Work instruction:
Everything from the line holding "Tanga das iPhone Case-Mate-Seepferd 16 Hülle" through the end of the records should be printed exactly, apart from the pictures.
--- Source material ---
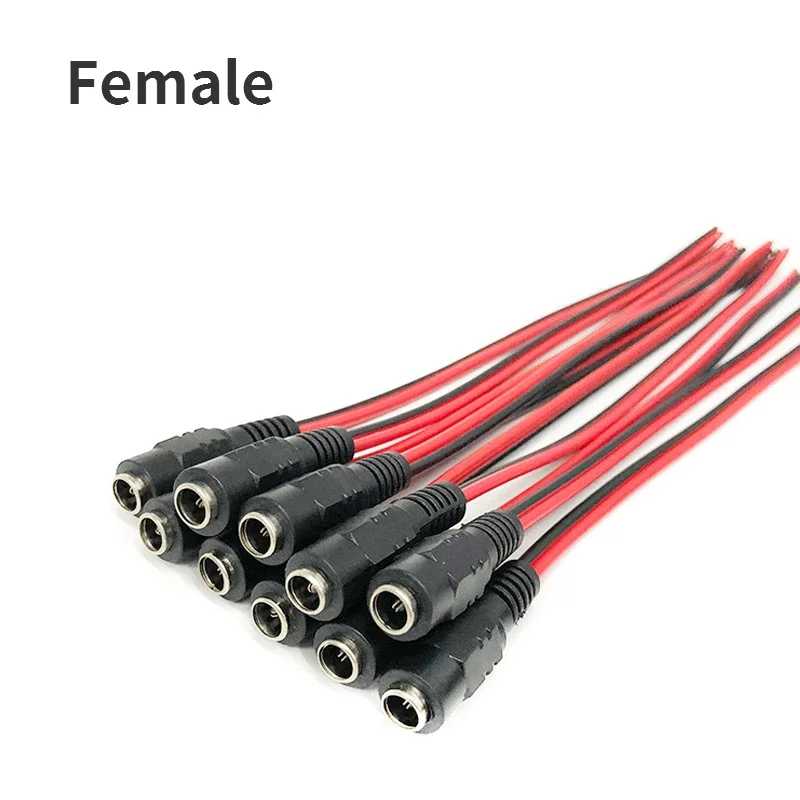 Фотография №2 товара 1 5 10piece Male Female DC Power Connector 5V 12V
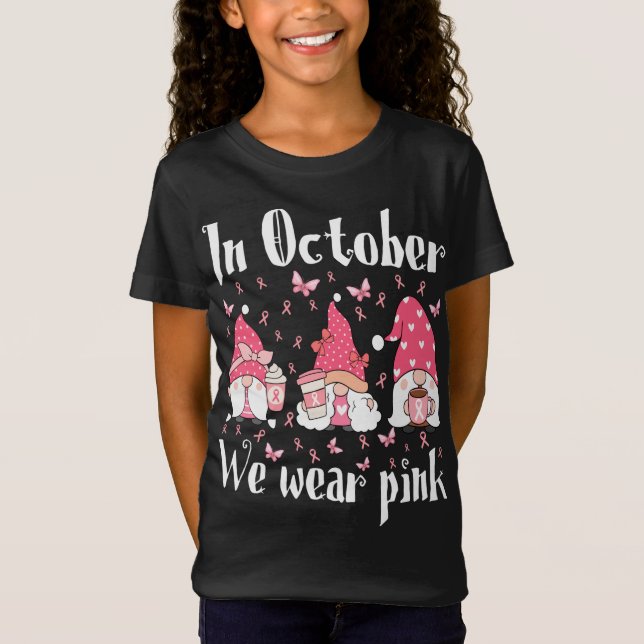 Jag är här för Shenanigans Cute Grönt Gnome T Shirt (Framsida)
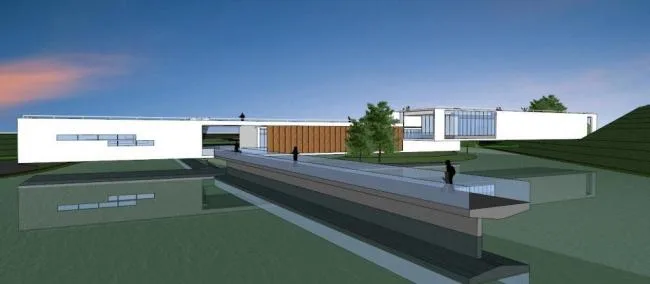 Sketchup Cultural Model | Exhibition Center, Exhibition Hall, Cultural Architecture, Modern Style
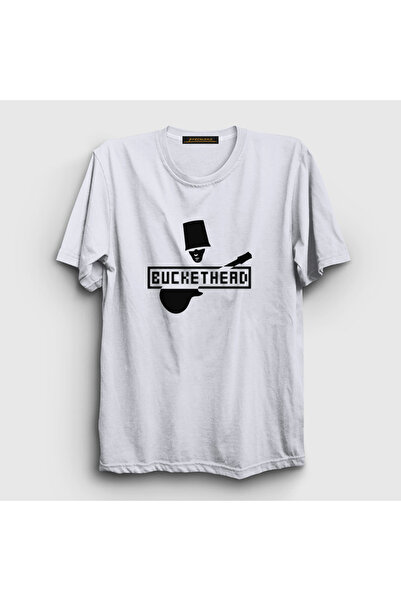 Presmono Beli logo unisex kapa T-shirt - 456460tt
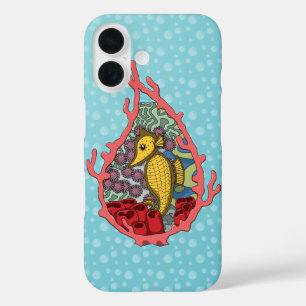 Tanga das iPhone Case-Mate-Seepferd 16 Hülle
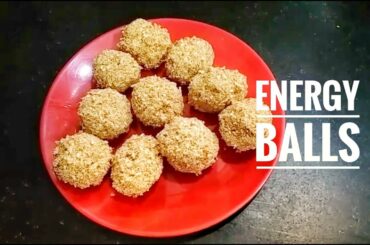 ENERGY BALLS || SEMOLINA & DRY FRUITS LADOO || HEALTHY SNACK RECIPE || KAMAL’S HOMELY RECIPES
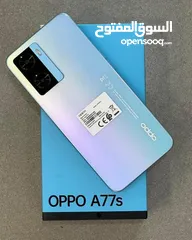  3 مستعمل ايام oppo A77s رام 16 جيجا 128 أغراضة والكرتونه الأصلية متوفر توصيل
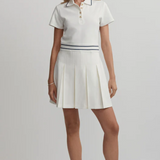 Varley Amar Tennis Dress Snow White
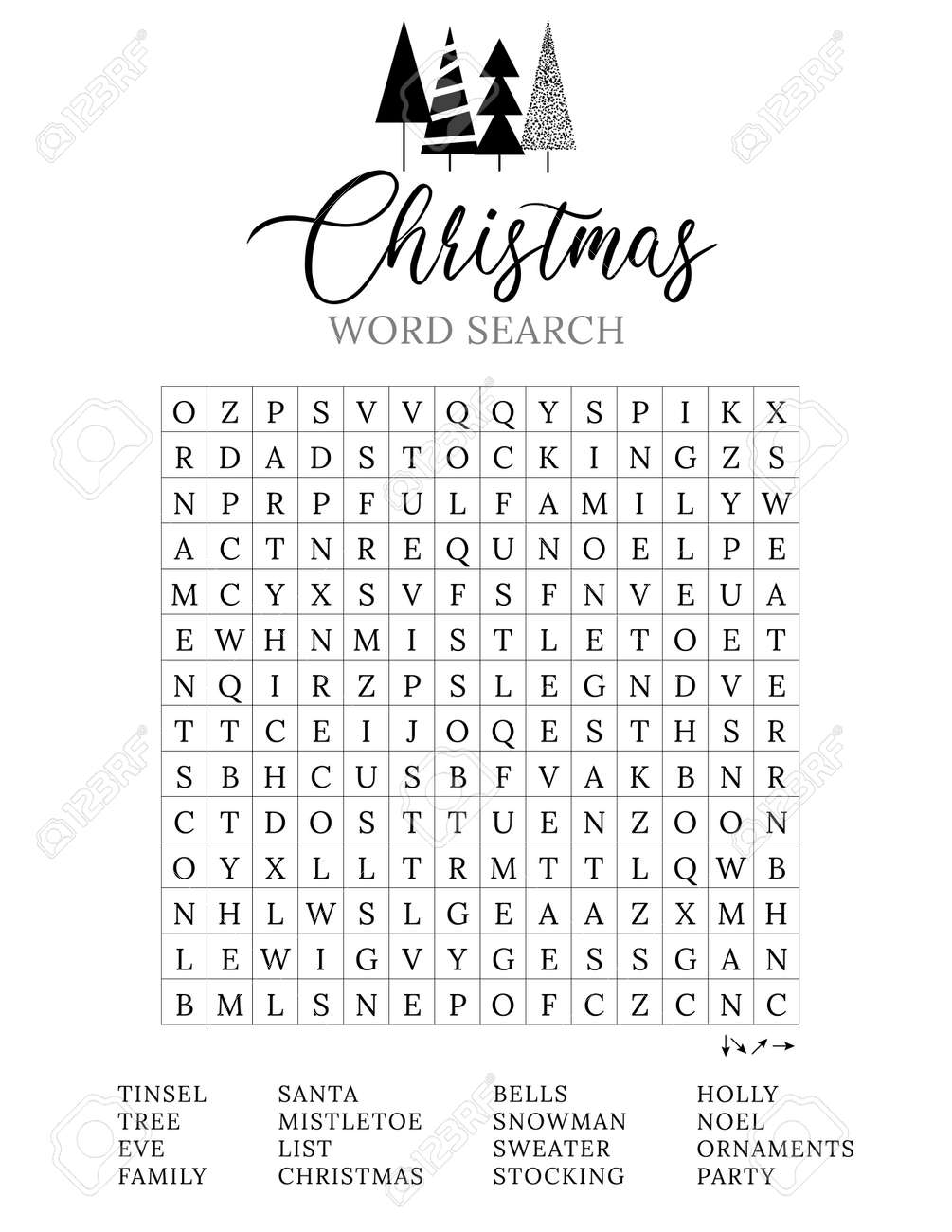 Christmas Word Search Puzzle Logic Game For Learning English Words About Winter Holidays Printable Worksheet Party Card Black And White Vector Illustration Festive Crossword Royalty Free SVG Cliparts Vectors And Stock Illustration  Christmas Word Search Puzzle Logic Game For Learning English Words About Winter Holidays Printable Worksheet Party Card Black And White Vector Illustration Festive Crossword Royalty Free SVG Cliparts Vectors And Stock Illustration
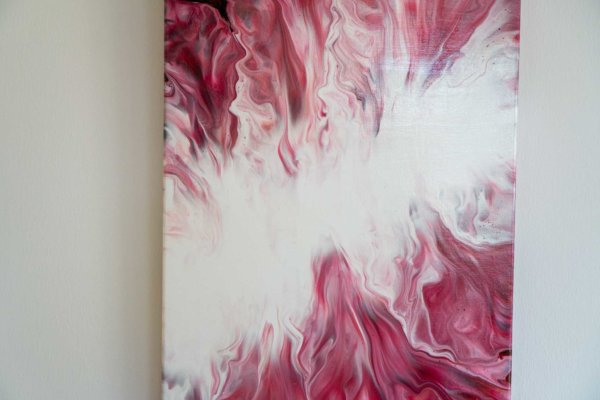 Acrylic Pouring Bild von Bettina Luger - Kreativ mit Betty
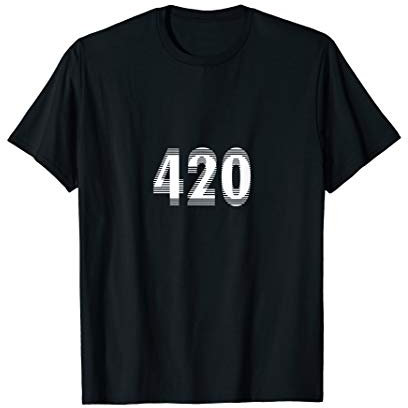 420 T-Shirt Kiffer Hanf Gras Cannabis dopes Geschenk T-Shirt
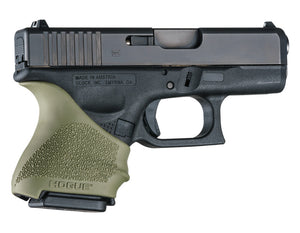 Hogue HandAll Beavertail Grip Sleeve Glock 26/27 OD Green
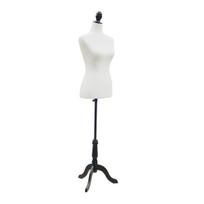 Manekeno torsas, 86x66x90 cm, Balta, Putplastis
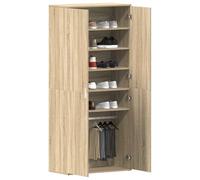 vidaXL Zapatero Sonoma Oak 80x39x180 cm Madera Engineered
---
Your response:
 Tanga das iPhone Case-Mate-Seepferd 16 Hülle
 ENERGY BALLS || SEMOLINA & DRY FRUITS LADOO || HEALTHY SNACK RECIPE || KAMAL’S HOMELY RECIPES
  3 مستعمل ايام oppo A77s رام 16 جيجا 128 أغراضة والكرتونه الأصلية متوفر توصيل
 Varley Amar Tennis Dress Snow White
 Christmas Word Search Puzzle Logic Game For Learning English Words About Winter Holidays Printable Worksheet Party Card Black And White Vector Illustration Festive Crossword Royalty Free SVG Cliparts Vectors And Stock Illustration  Christmas Word Search Puzzle Logic Game For Learning English Words About Winter Holidays Printable Worksheet Party Card Black And White Vector Illustration Festive Crossword Royalty Free SVG Cliparts Vectors And Stock Illustration
 Acrylic Pouring Bild von Bettina Luger - Kreativ mit Betty
 420 T-Shirt Kiffer Hanf Gras Cannabis dopes Geschenk T-Shirt
 Hogue HandAll Beavertail Grip Sleeve Glock 26/27 OD Green
 Manekeno torsas, 86x66x90 cm, Balta, Putplastis
 vidaXL Zapatero Sonoma Oak 80x39x180 cm Madera Engineered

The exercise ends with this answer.